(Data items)

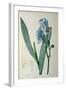 Iris Pallida, from `Les Liliacees', 1805-Pierre-Joseph Redouté-Framed Giclee Print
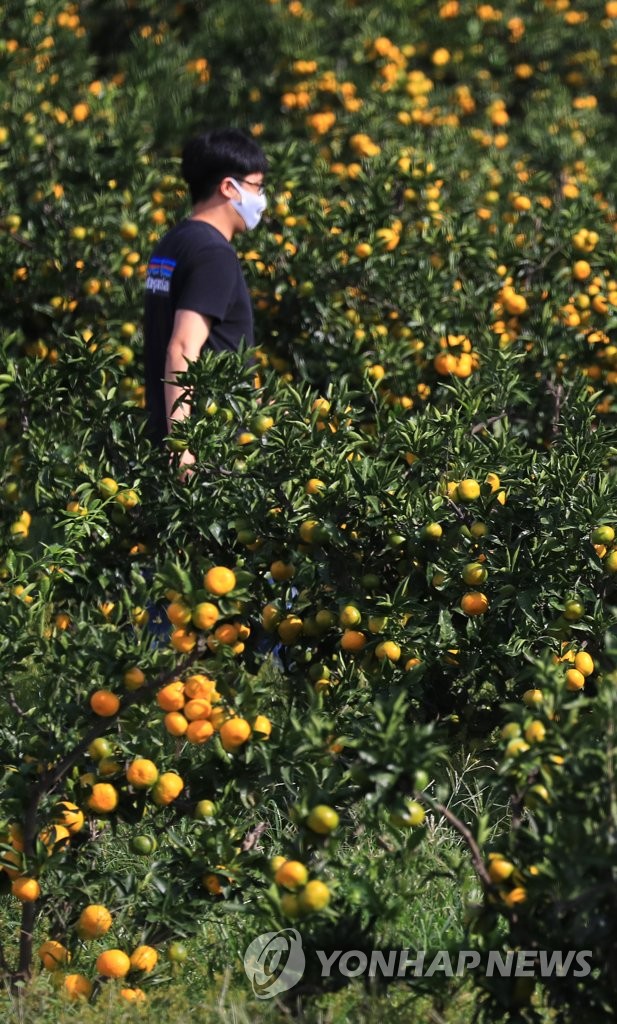 Ripening tangerines Ripening tangerines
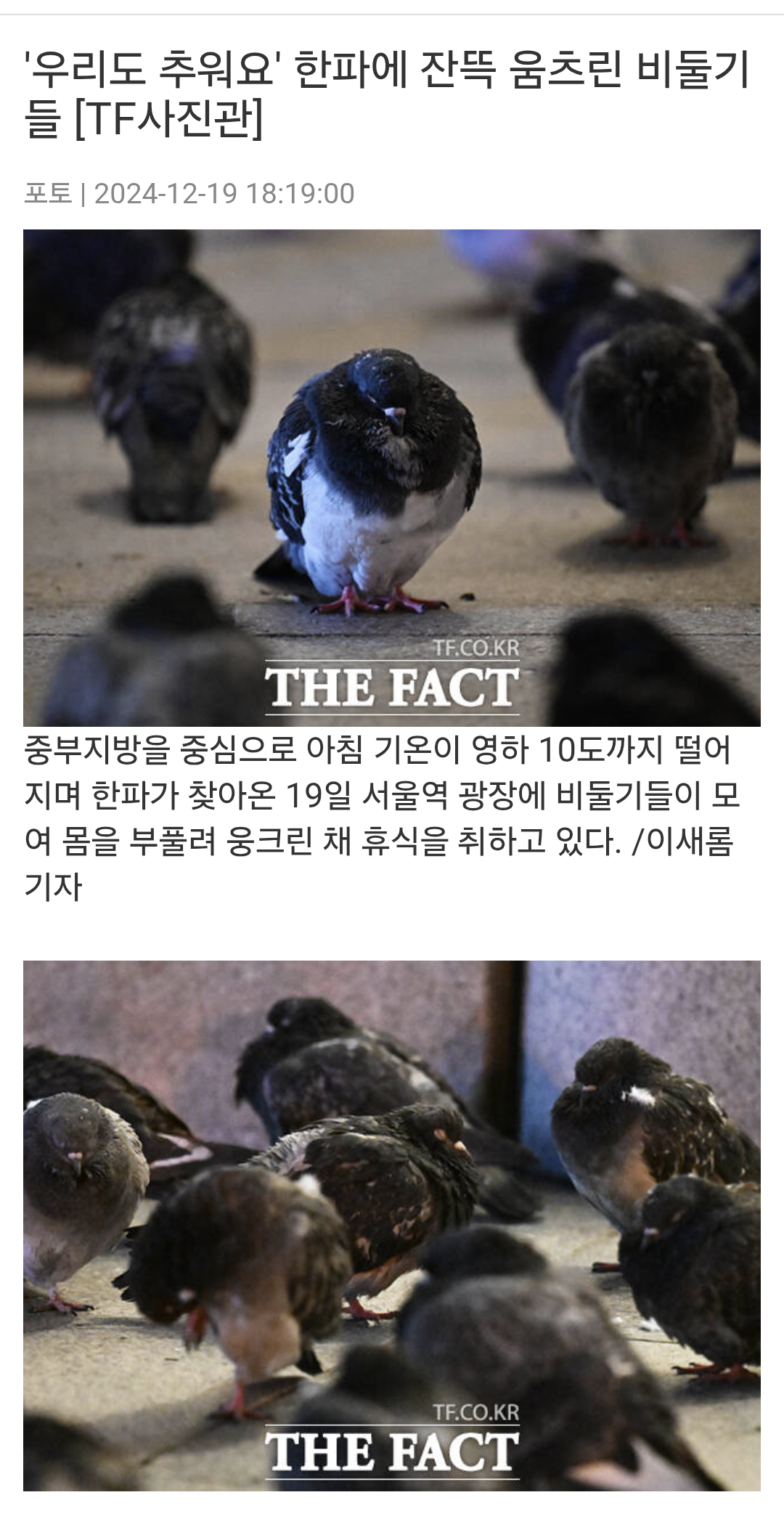[잡담] 비둘기도 겨울에 춥대 | 인스티즈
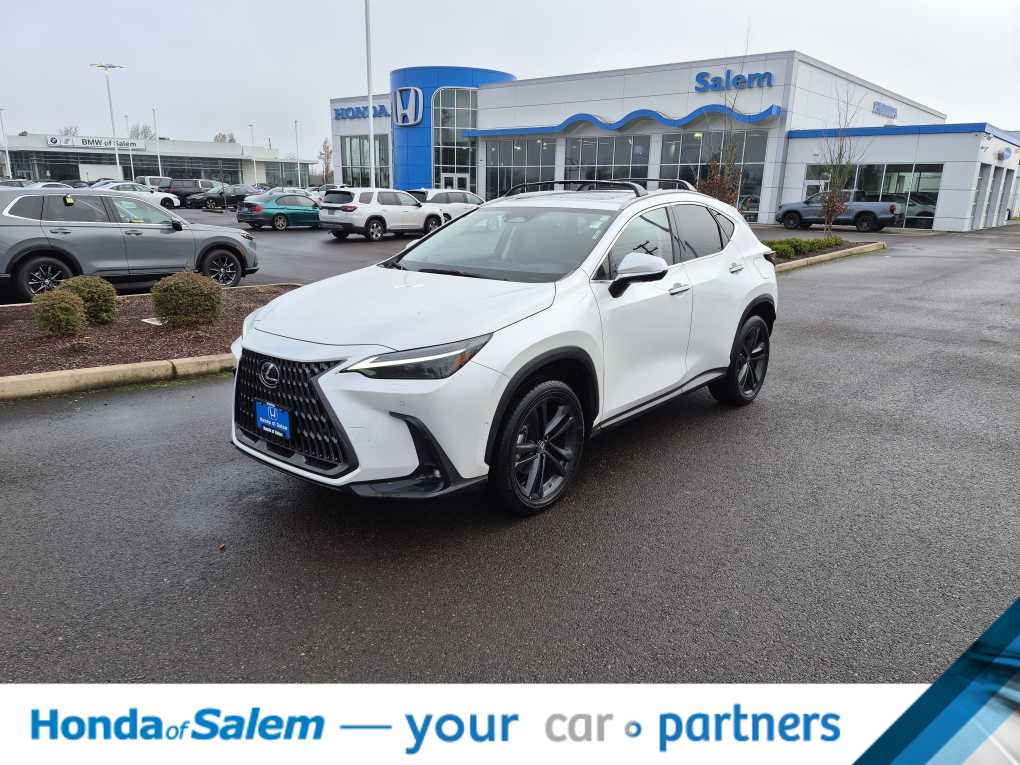 2023 Lexus NX PHEV 450h+'s photo
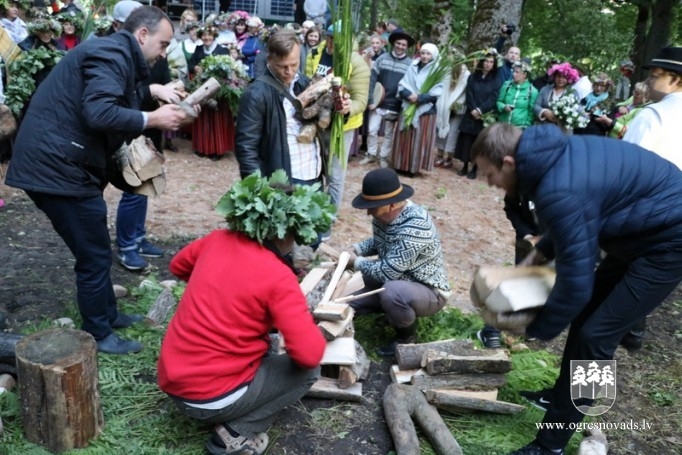 Vasaras saulgrieži Plāteres pilskalnā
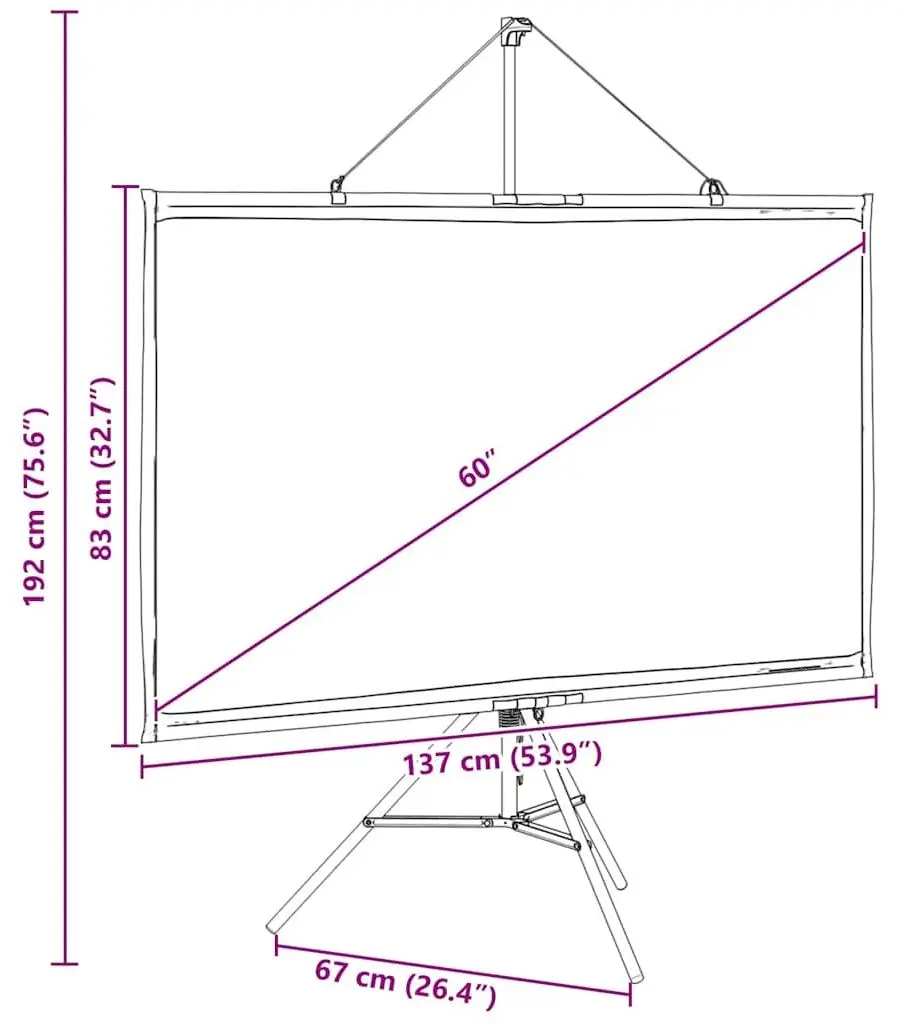Ecran de proiectie VidaXL 4101046 (White/Black)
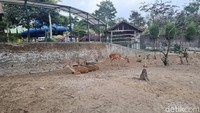 Lanjut berjalan sedikit ke depan, traveler akan masuk ke area yang memiliki banyak tempat bersantai, pondok-pondok kecil atau kursi-kursi di bawah pohon. Di sini juga traveler akan melihat rusa dengan jelas serta burung unta yang sangat besar. Berbagai fasilitas ini akan membuat traveler betah berlama-lama di sini.  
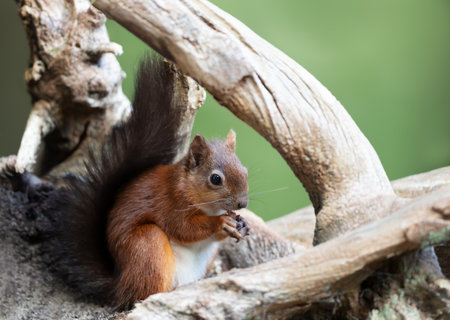 Close up of a Red squirrel (Sciurus Vulgaris) sitting on a tree trunk, UK.の写真素材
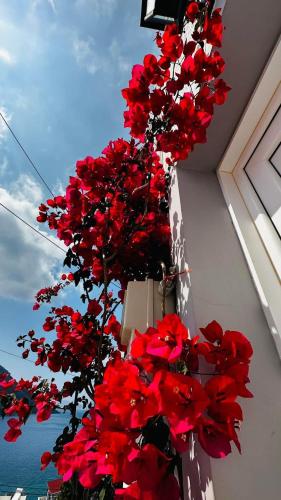 a bunch of red flowers on the side of a building at Elenis Studios&Apartments in Masouri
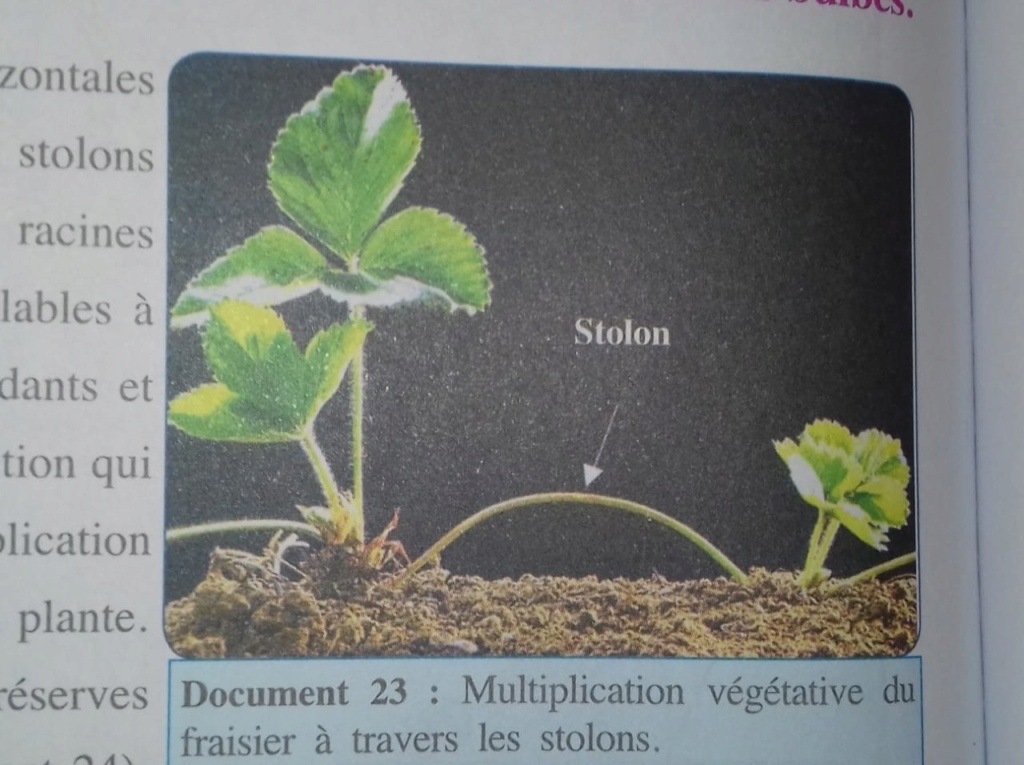 د la multiplication végétative   Whats337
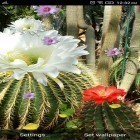 Download live wallpaper Cactus flowers for free and Cute profile for Android phones and tablets .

| Requirement |
Please write out, exactly, every line from the line with "Ecran de proiectie" through the final line of the data above, leaving out pictures.

| Written solution |
Ecran de proiectie VidaXL 4101046 (White/Black)
 Lanjut berjalan sedikit ke depan, traveler akan masuk ke area yang memiliki banyak tempat bersantai, pondok-pondok kecil atau kursi-kursi di bawah pohon. Di sini juga traveler akan melihat rusa dengan jelas serta burung unta yang sangat besar. Berbagai fasilitas ini akan membuat traveler betah berlama-lama di sini.  
 Close up of a Red squirrel (Sciurus Vulgaris) sitting on a tree trunk, UK.の写真素材
 a bunch of red flowers on the side of a building at Elenis Studios&Apartments in Masouri
 د la multiplication végétative   Whats337
 Download live wallpaper Cactus flowers for free and Cute profile for Android phones and tablets .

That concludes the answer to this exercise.